• [Work item]: Below is a listing; restate from it, character for character, the lines beginning at the line holding "Glo Pals DIY" and ending at the line holding "Repeating pattern features", both included.

• [Materials provided]:
-*-

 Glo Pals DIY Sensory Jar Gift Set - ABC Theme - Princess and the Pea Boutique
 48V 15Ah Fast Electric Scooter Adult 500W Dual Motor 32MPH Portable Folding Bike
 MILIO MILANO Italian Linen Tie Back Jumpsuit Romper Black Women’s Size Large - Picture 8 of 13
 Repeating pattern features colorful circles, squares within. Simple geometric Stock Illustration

-*-

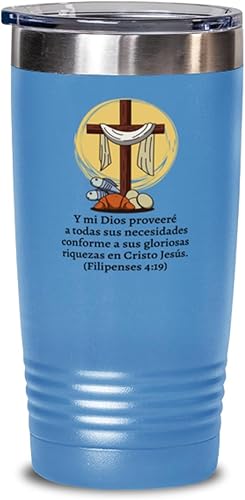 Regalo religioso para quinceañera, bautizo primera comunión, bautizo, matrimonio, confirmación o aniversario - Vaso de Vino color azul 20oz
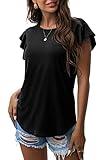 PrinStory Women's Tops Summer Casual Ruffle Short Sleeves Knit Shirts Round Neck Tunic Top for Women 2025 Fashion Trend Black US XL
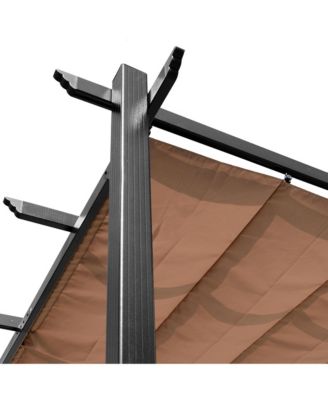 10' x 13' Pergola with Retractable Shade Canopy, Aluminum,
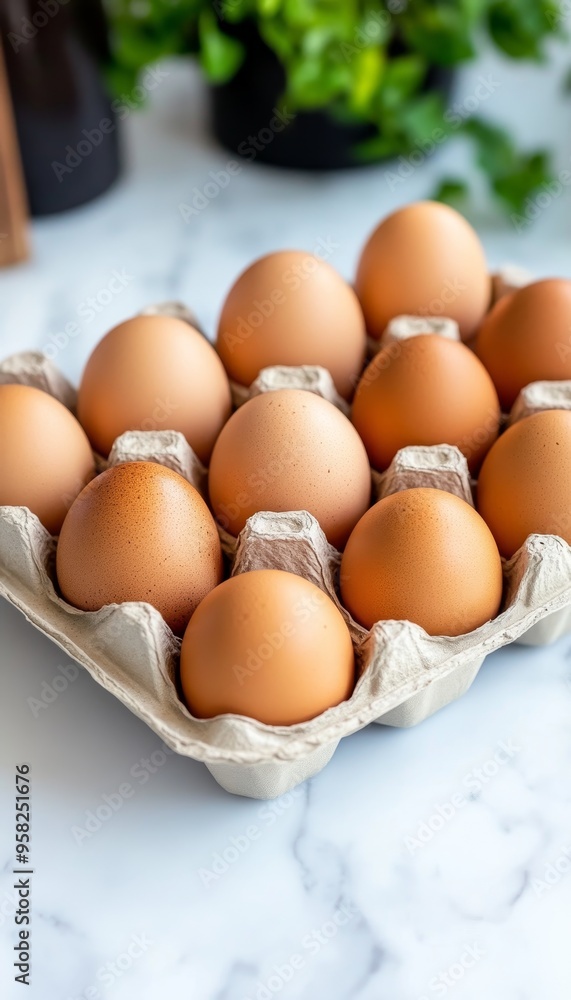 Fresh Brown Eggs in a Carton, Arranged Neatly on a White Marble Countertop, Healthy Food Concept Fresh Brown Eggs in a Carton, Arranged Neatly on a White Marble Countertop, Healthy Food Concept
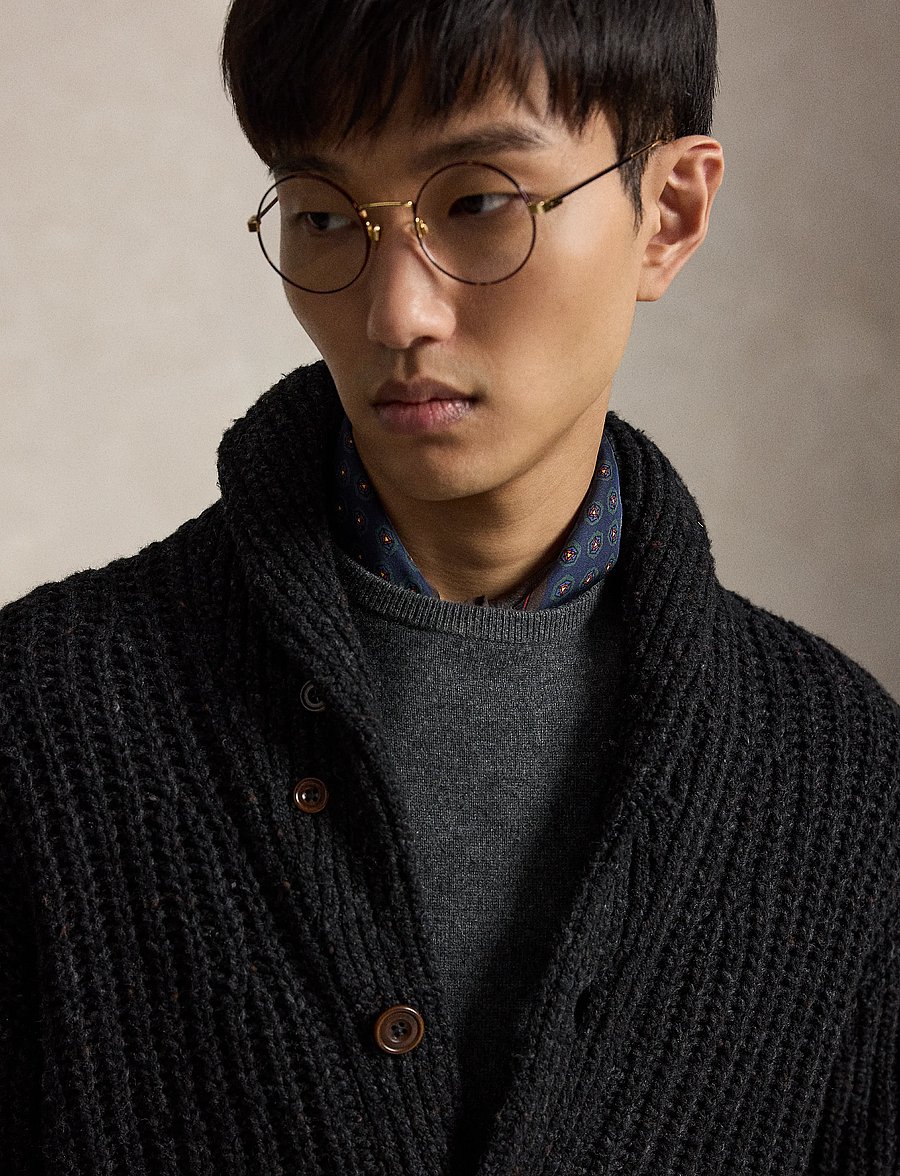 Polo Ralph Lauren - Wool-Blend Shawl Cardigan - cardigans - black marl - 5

-*-

• [Written answer]:
 Glo Pals DIY Sensory Jar Gift Set - ABC Theme - Princess and the Pea Boutique
 48V 15Ah Fast Electric Scooter Adult 500W Dual Motor 32MPH Portable Folding Bike
 MILIO MILANO Italian Linen Tie Back Jumpsuit Romper Black Women’s Size Large - Picture 8 of 13
 Repeating pattern features colorful circles, squares within. Simple geometric Stock Illustration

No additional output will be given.